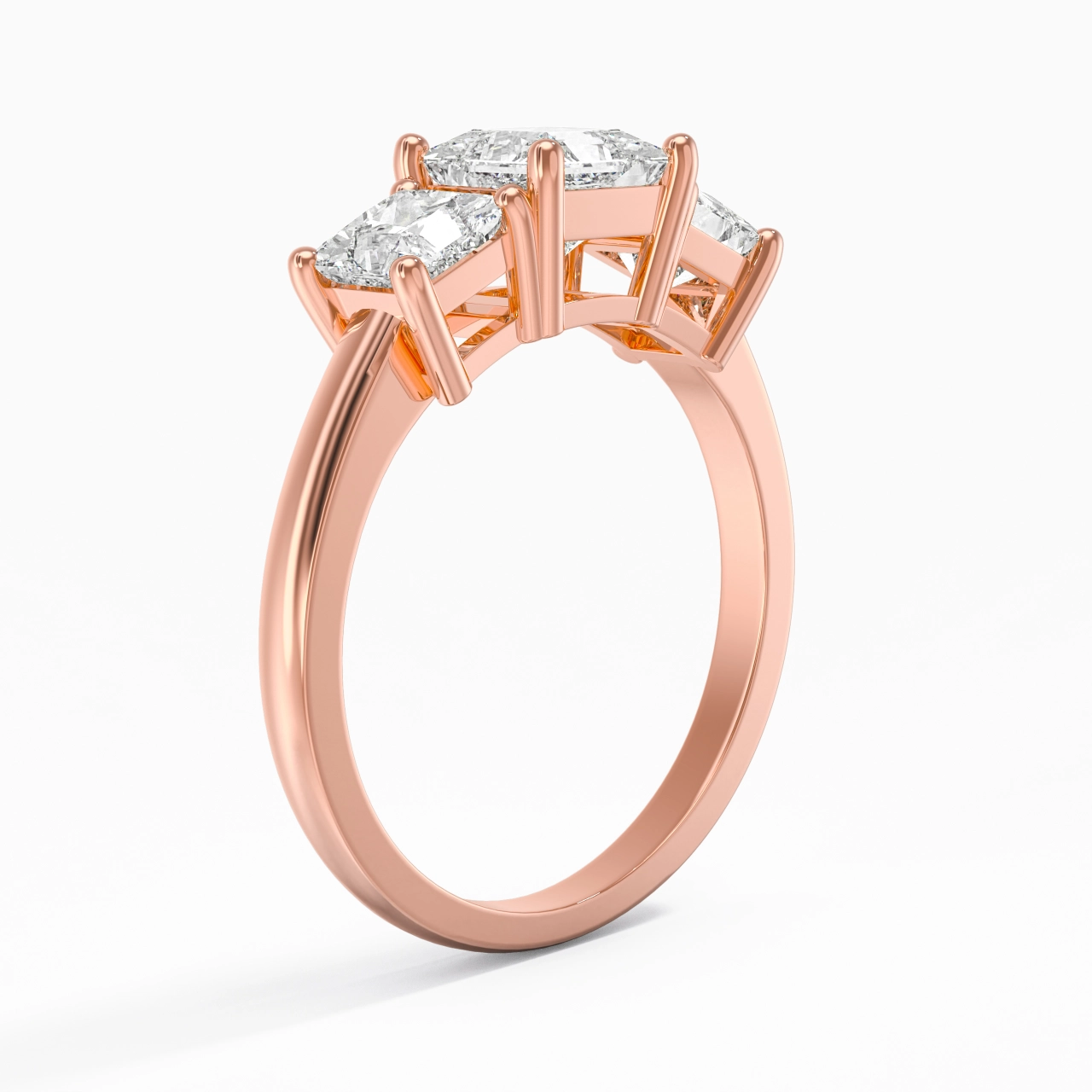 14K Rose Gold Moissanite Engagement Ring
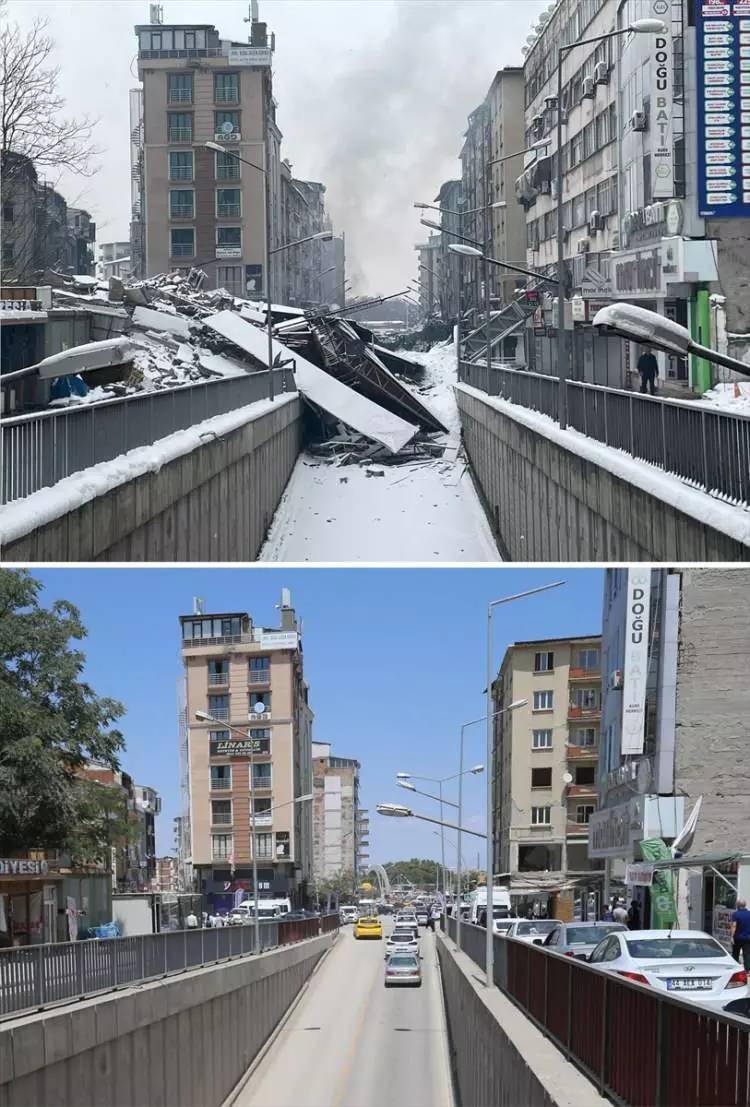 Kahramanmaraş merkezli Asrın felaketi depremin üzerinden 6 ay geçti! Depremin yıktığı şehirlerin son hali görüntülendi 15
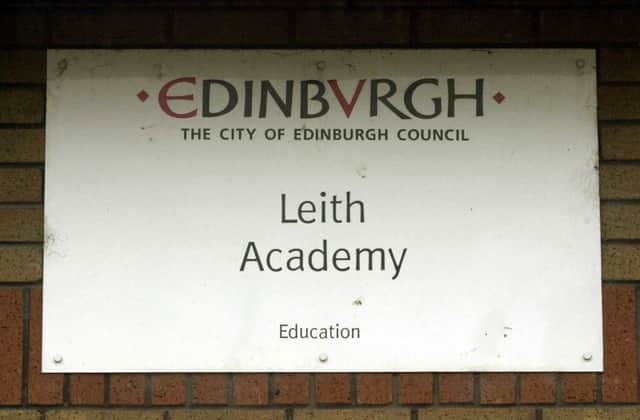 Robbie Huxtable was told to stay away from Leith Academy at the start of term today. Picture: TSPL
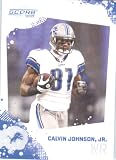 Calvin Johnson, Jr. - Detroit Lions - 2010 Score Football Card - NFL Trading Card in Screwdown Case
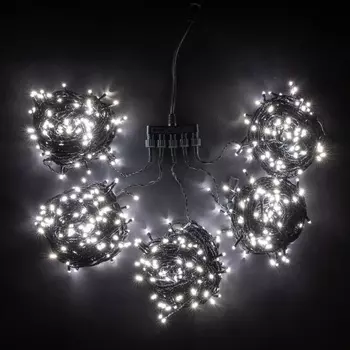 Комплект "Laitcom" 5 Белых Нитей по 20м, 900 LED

=-=-=-=-=

Without the images, print all of the lines above exactly.

 14K Rose Gold Moissanite Engagement Ring
 Kahramanmaraş merkezli Asrın felaketi depremin üzerinden 6 ay geçti! Depremin yıktığı şehirlerin son hali görüntülendi 15
 Robbie Huxtable was told to stay away from Leith Academy at the start of term today. Picture: TSPL
 Calvin Johnson, Jr. - Detroit Lions - 2010 Score Football Card - NFL Trading Card in Screwdown Case
 Комплект "Laitcom" 5 Белых Нитей по 20м, 900 LED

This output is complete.